Activity — Word for word, write out all the entries below, omitting every picture.

◇ ◇ ◇ ◇

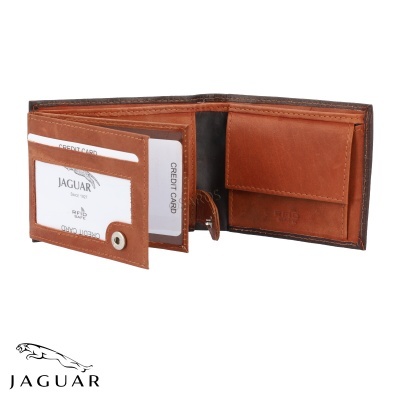 Carteira de couro castanho aberto com compartimentos para cartões e bolso para moedas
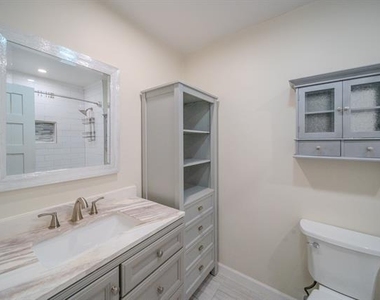 2513 Belhaven Drive - Photo Thumbnail 3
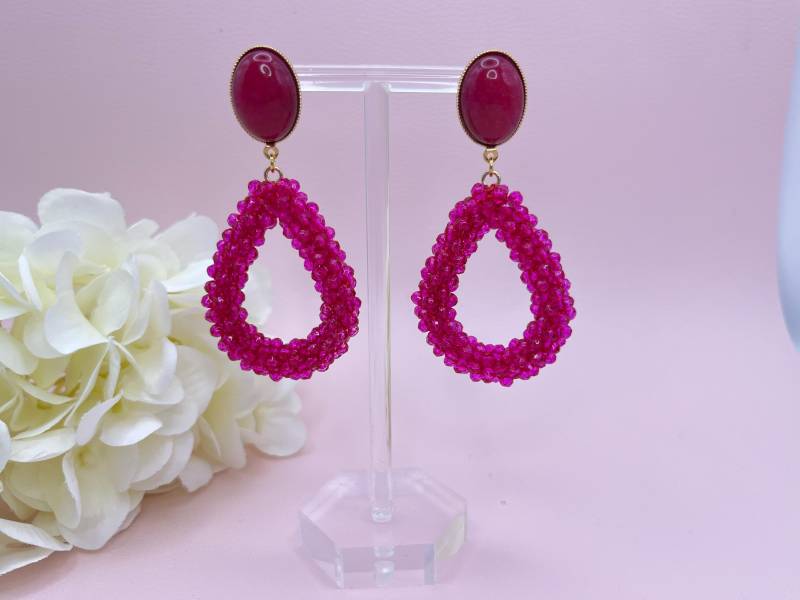Glitzer Statment Ohrringe Mit Pinken Facettperlen Tropfen An Vergoldeten Ohrsteckern Fuchsia Jade Cabochons - Laury Goes Côtes D'azure von LAURYLOVESPINK
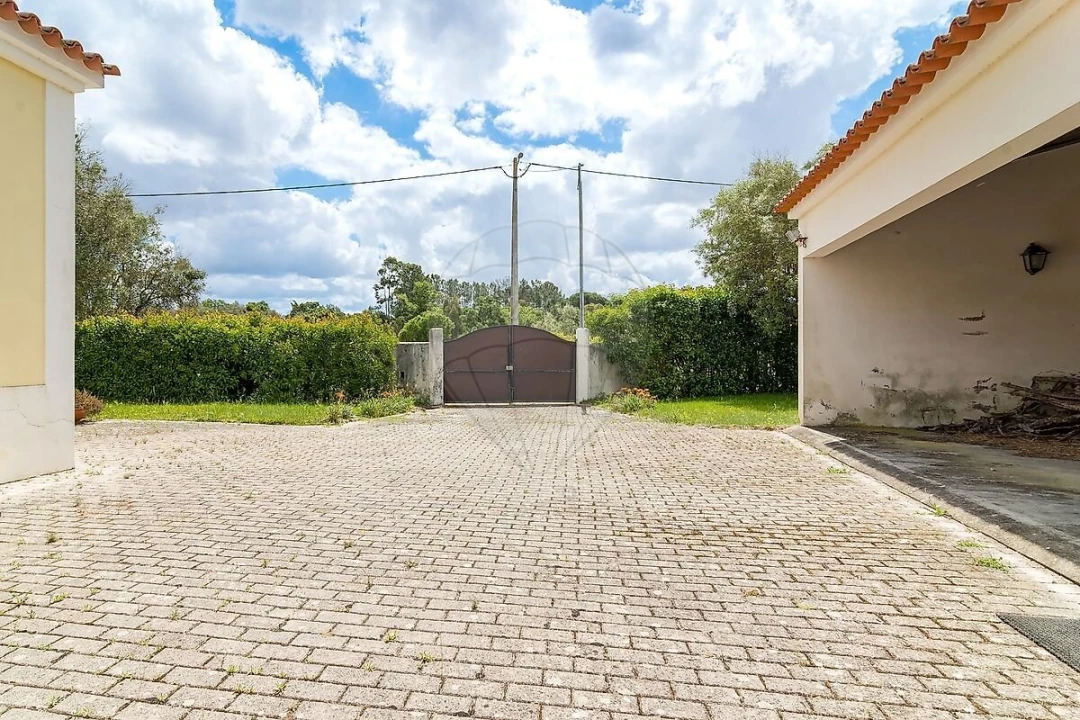 Moradia T3 para Venda em Vale da Pedra Foto 5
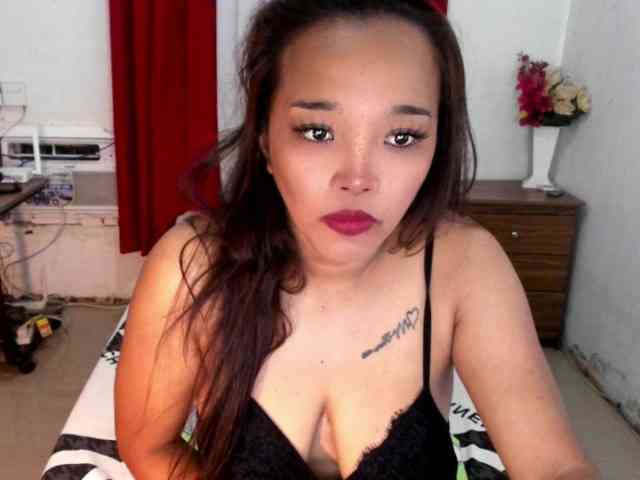 AnnaDelphine webcam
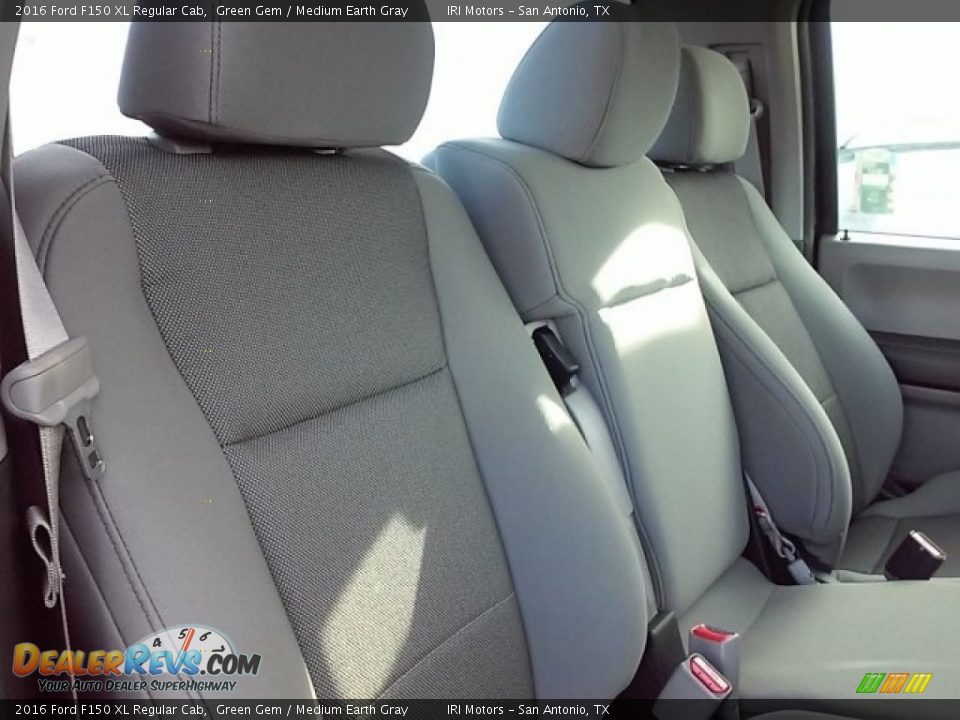 2016 Ford F150 XL Regular Cab Green Gem / Medium Earth Gray Photo #12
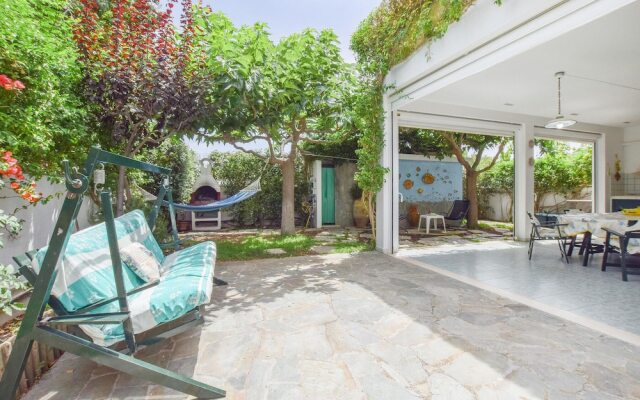Beautiful Apartment in Specchiolla With 2 Bedrooms and Wifi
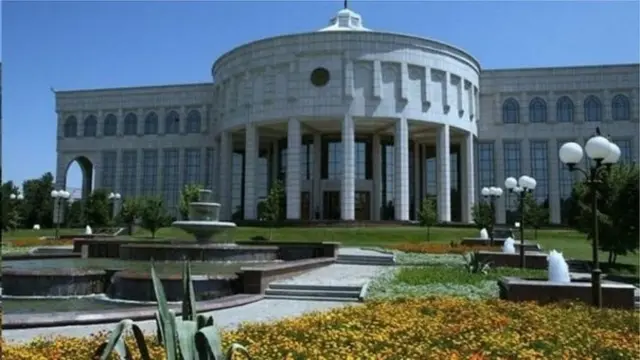 Өзбекстанда 4-декабрда боло турган президенттик шайлоого 600 дөн ашуун эл аралык байкоочулар көз салат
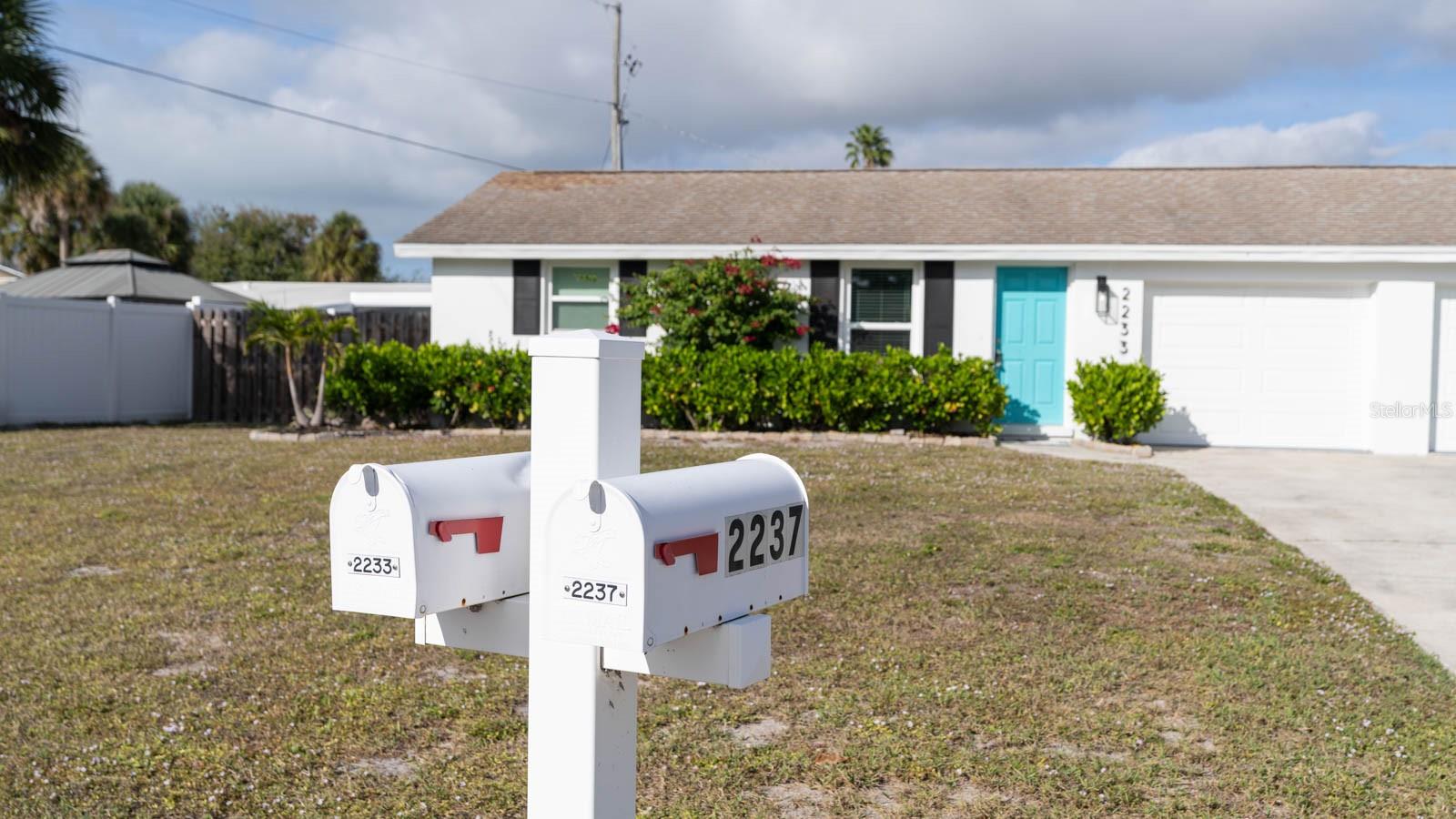 PHILLIPE GARDENS - Residential Income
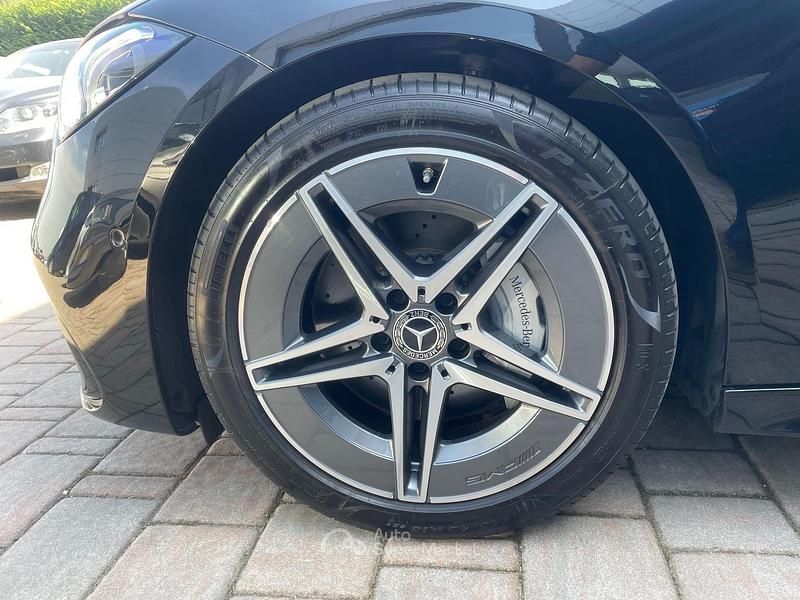 Usata Mercedes C200 AMG Line Premium Plus 163 CV (119 kW) 2023 Nero Station wagon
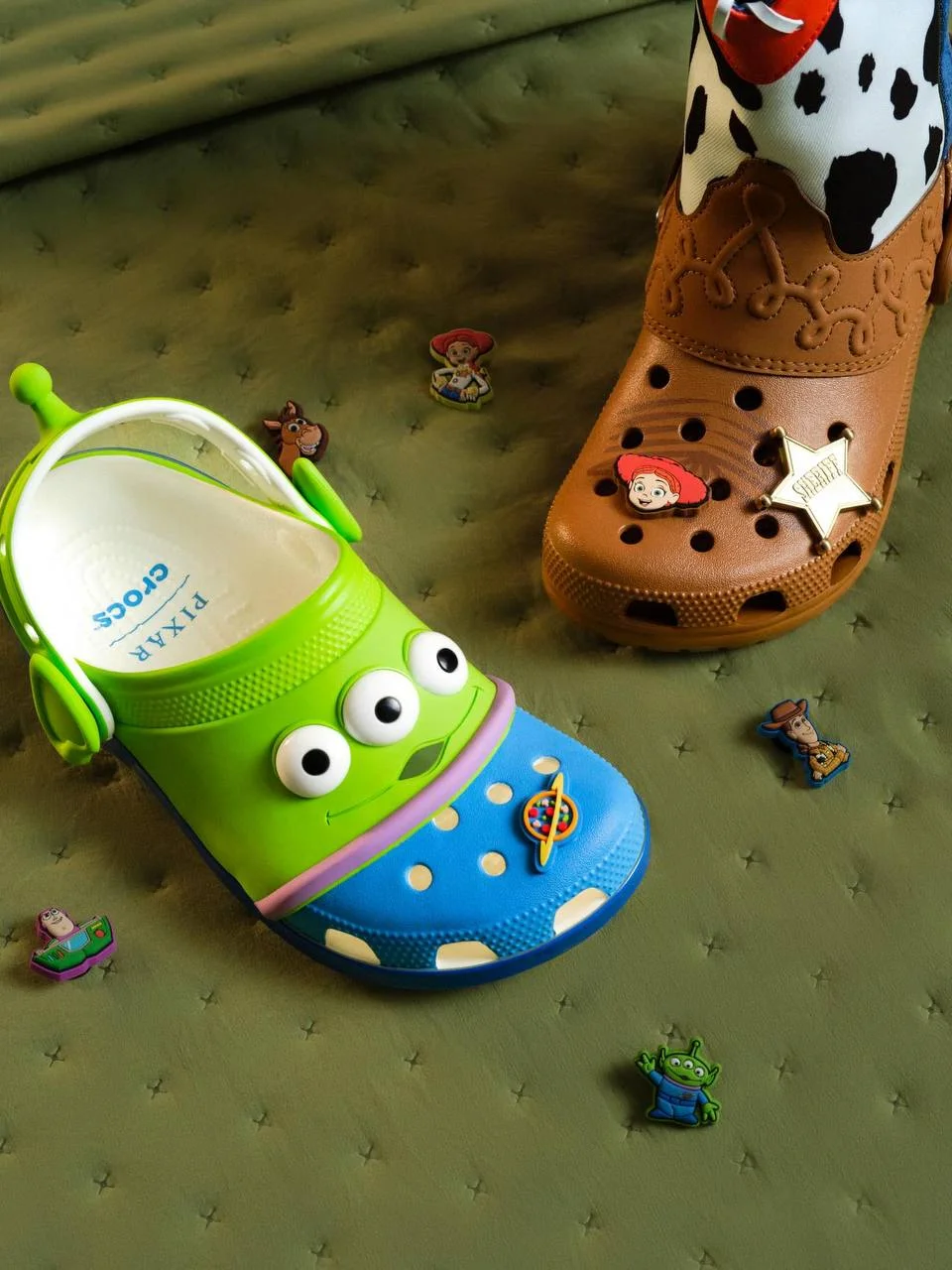 Crocs, «История игрушек 5», кроксы, кроксы дисней, кроксы по истории игрушек, Джесси, Вуди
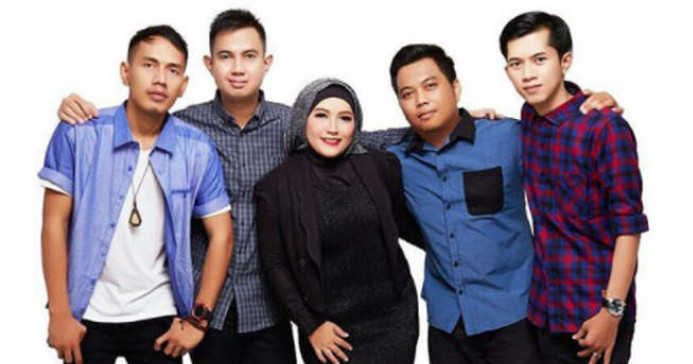 DOWNLOAD KUMPULAN LAGU MERPATI BAND TERNEW MP3 LENGKAP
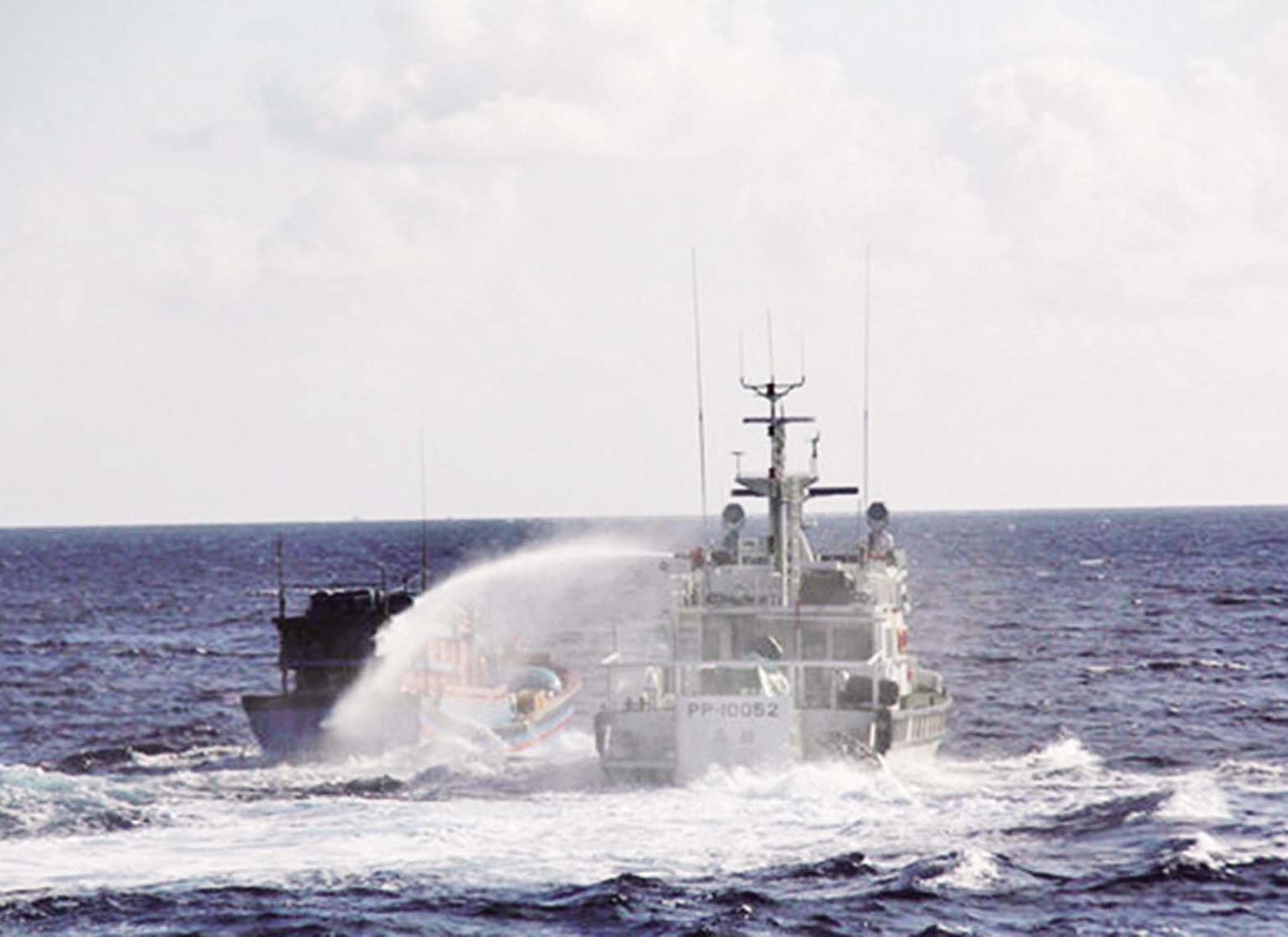 台守軍發射水炮驅離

◇ ◇ ◇ ◇

Solved exercise —
 Carteira de couro castanho aberto com compartimentos para cartões e bolso para moedas
 2513 Belhaven Drive - Photo Thumbnail 3
Glitzer Statment Ohrringe Mit Pinken Facettperlen Tropfen An Vergoldeten Ohrsteckern Fuchsia Jade Cabochons - Laury Goes Côtes D'azure von LAURYLOVESPINK
 Moradia T3 para Venda em Vale da Pedra Foto 5
 AnnaDelphine webcam
 2016 Ford F150 XL Regular Cab Green Gem / Medium Earth Gray Photo #12
Beautiful Apartment in Specchiolla With 2 Bedrooms and Wifi
 Өзбекстанда 4-декабрда боло турган президенттик шайлоого 600 дөн ашуун эл аралык байкоочулар көз салат
 PHILLIPE GARDENS - Residential Income
 Usata Mercedes C200 AMG Line Premium Plus 163 CV (119 kW) 2023 Nero Station wagon
 Crocs, «История игрушек 5», кроксы, кроксы дисней, кроксы по истории игрушек, Джесси, Вуди
 DOWNLOAD KUMPULAN LAGU MERPATI BAND TERNEW MP3 LENGKAP
 台守軍發射水炮驅離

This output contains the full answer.